Festival do Rio: “Saudade do Futuro”

Recomendo a quem for ao festival algumas medidas essenciais: lembre-se de levar o seu comprovante de vacinação, que pode ser o certificado digital do ConecteSUS ou o comprovante em papel. Sem isso, a entrada nos cinemas não será permitida. Chegue de máscara e mantenha-a cobrindo o nariz e a boca durante todo o filme. Procure guardar o maior distanciamento possível entre as poltronas ocupadas.

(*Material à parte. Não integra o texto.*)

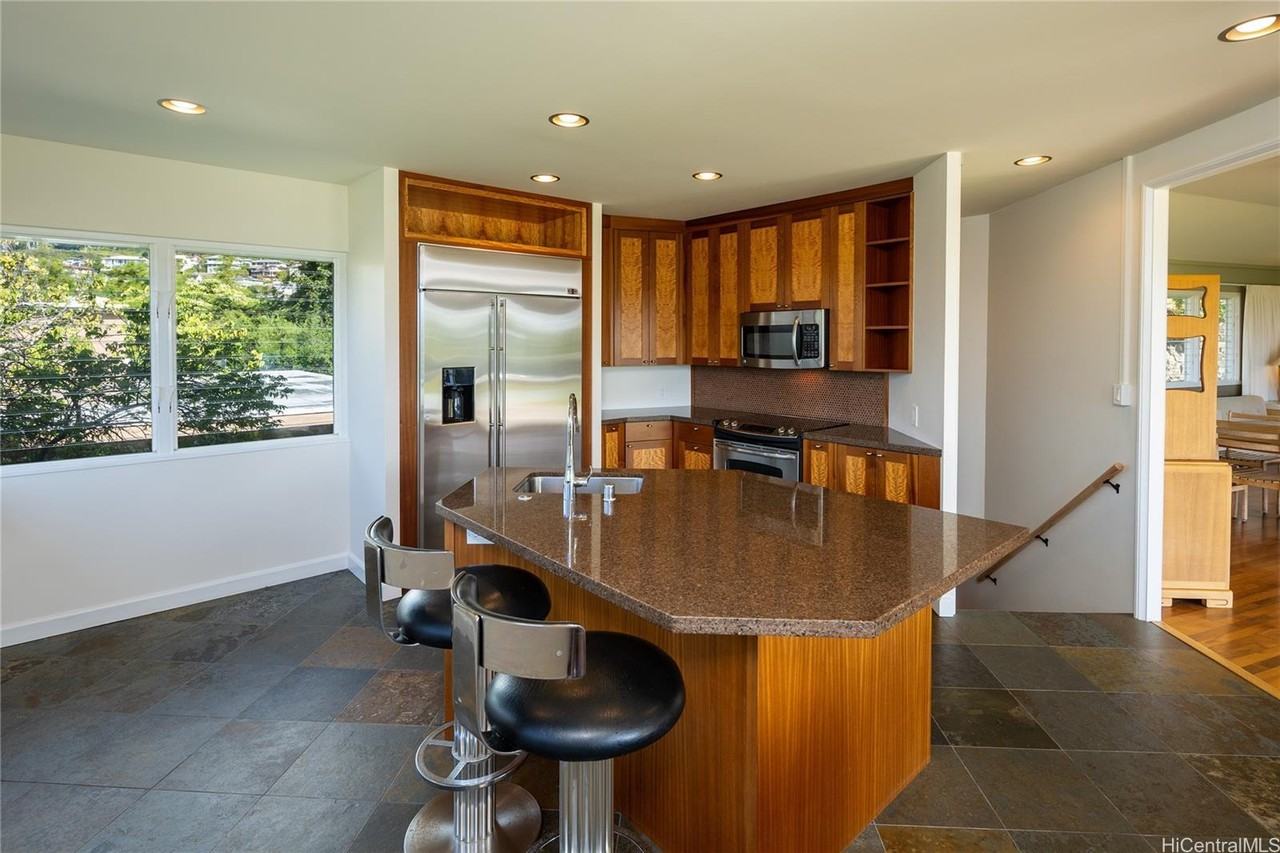 1944 Ualakaa St #C - Photo 4 of 21
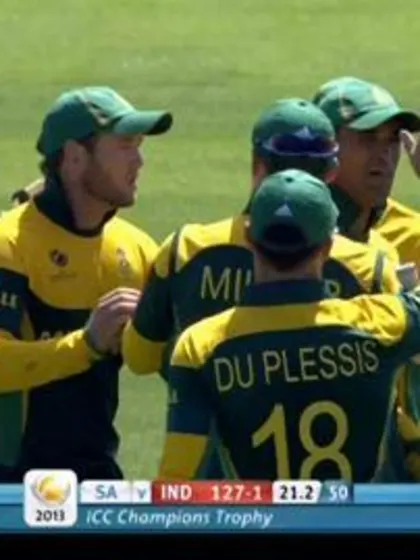 M1: Rohit Sharma Wicket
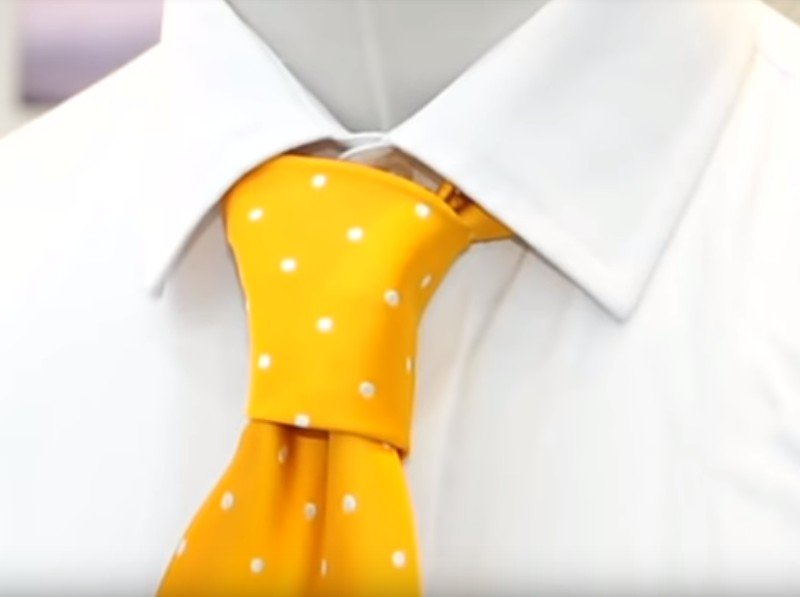 protocolonovios's tweet photo. ¿Queréis aprender a hacer un perfecto nudo de corbata? No os perdáis el siguiente post en nuestro blog. ▶ https://t.co/yuhaovUk5x #protocolo #nudodecorbata #protocolonovios https://t.co/7A7IGAwhds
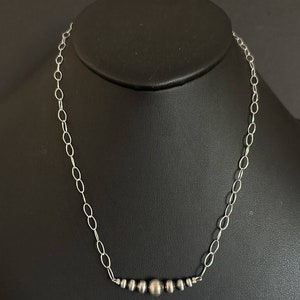 Collana con perline a catena con perle graduate in argento sterling. 18 pollici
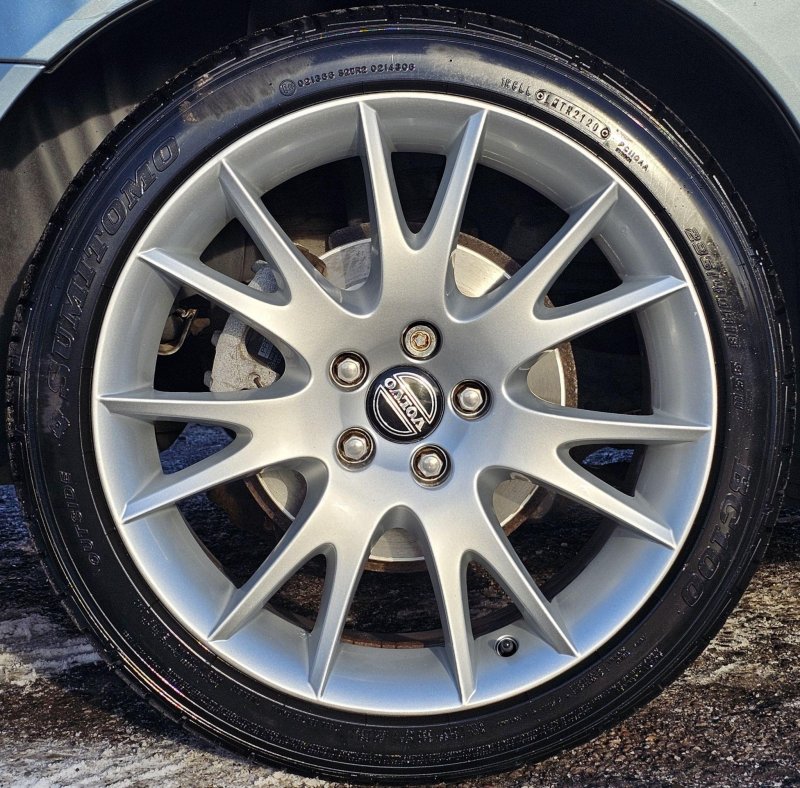 VOLVO C70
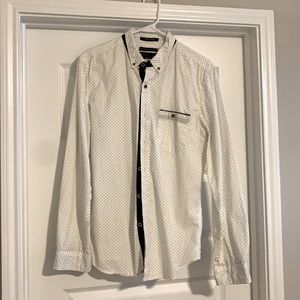 Men’s long sleeve dress shirt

Anna Azevedo venceu o Festival de Brasília com Saudade do Futuro, seu primeiro longa solo. Eis uma cineasta de grande fôlego estético e escolhas bastante ecléticas, que aparecem em curtas como Dreznica, Geral e Vento de Sal. Anna está sempre pronta a mesclar a documentação direta com experimentações na textura e na densidade de suas imagens.

Esse longa sobre a cultura da saudade traz essas mesmas características, apesar de um tanto diluídas numa estrutura fragmentada. O tema da saudade emerge esgarçado entre relatos e reflexões de personagens muito diversos filmados em três países.

Portugal, pátria da saudade, ocupa a maior parte dos 73 minutos do filme. O mar assassino está sempre por perto nas conversas sobre a morte dos que partem nas águas e o luto dos que ficam. Mulheres anônimas e escritores como Valter Hugo Mãe falam do assunto. A opinião de crianças sobre a saudade, não raro surpreendentes, é um dos elementos comuns a esse filme e ao relativamente similar Ossos da Saudade, de Marcos Pimentel.

No Brasil, indígenas guaranis comentam sobre o sentido da saudade, Martinho da Vila relembra a tristeza dos escravos trazidos para o Brasil e três mães deploram a perda de seus filhos, incluindo Marielle Franco. Dois slamers elaboram sobre a saudade de um futuro anunciado para o país e que nunca veio.

Em Cabo Verde, a pauta se desvia mais para o recente empoderamento das mulheres, envolvendo escritoras, meninas e performers musicais da comunidade dos Rabelados, grupo tradicionalista hoje em risco de extinção.

A costura entre esses blocos é tênue e se dá sobretudo pelas implicações políticas de cada caso. Ainda assim, o tema da saudade periga escapar em muitos momentos, especialmente numa sequência gravada com crianças na instalação do Morrinho e em praticamente todo o bloco de Cabo Verde. À falta de uma liga mais consistente, é preciso ajustar o nosso foco para os esboços de pensamento expostos em cada cena e para a beleza plástica e as derivas poéticas que a diretora fartamente oferece.

3 comentários sobre “Festival do Rio: “Saudade do Futuro”

  1. Só alguém com um olhar muito amplo usa palavras como textura, costura e esgarçamento, termos do lugar da plástica, numa crítica de cinema.
    Carlos Alberto de Mattos é, definidamente, bambú e não palmeira!

  2. Feliz em ler que o meu pensamento sobre o filme coincide com o do Mestre. Cada vez mais vejo como fazer documentário é difícil devido a quantidade de documentários existentes. Não basta juntar algumas falas. A “liga” citada pelo amigo Mestre é necessária para não parecer uma colcha de retalhos. Não vi todos os longas do Festival de Brasília, ,mas será que este seria o melhor filme?